Berry’s bona fides, however, didn’t impress an alliance of disgruntled small-business proprietors in upper Georgetown. At the Georgetown BID’s inaugural elections in late May, the small fry mustered to show their disapproval of what they view as the BID’s bias in favor of large retailers in the heart of Georgetown. The object of their disapproval? Berry, who failed to gain a seat on board.
“We were opposed to the BID in the first place,” says Lisa Thompson, owner of Baldaquin Fine Linens and ringleader of the anti-Berry faction. “We are what make Georgetown unique—not Banana Republic or the Gap.”
LL asked Berry, a kingmaker of sorts in D.C. politics, how it felt to get bounced around by a bunch of no-names; he responded with all the savvy of a guy who’s been managing campaigns since the dawn of home rule. “It’s really a blessing in disguise, because [board membership] takes a lot of time,” he said.
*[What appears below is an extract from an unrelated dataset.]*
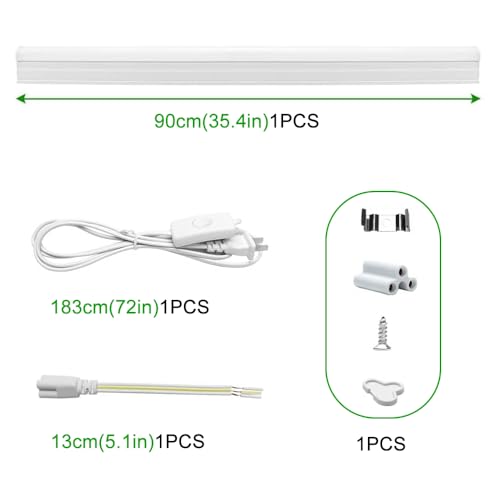 Image of LightingWill 4FT T5 LED Shop Light, 20W 3500K Warm White, Linkable Integrated Light Fixture, Under Cabinet and Ceiling Light, Built-in On /Off Switch, 1 Pack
Moments later, Berry apparently decided that time constraints weren’t such a big deal after all: “I want the BID to succeed, so I’m going to be on a couple of committees.”
AIDES DECAMP
In his last term, Mayor-for-Life Marion S. Barry Jr. drew fire for plucking workers from ground-level agencies—like the police and fire departments—and placing them on his administrative staff. Williams’ personnel moves are headed in the opposite direction.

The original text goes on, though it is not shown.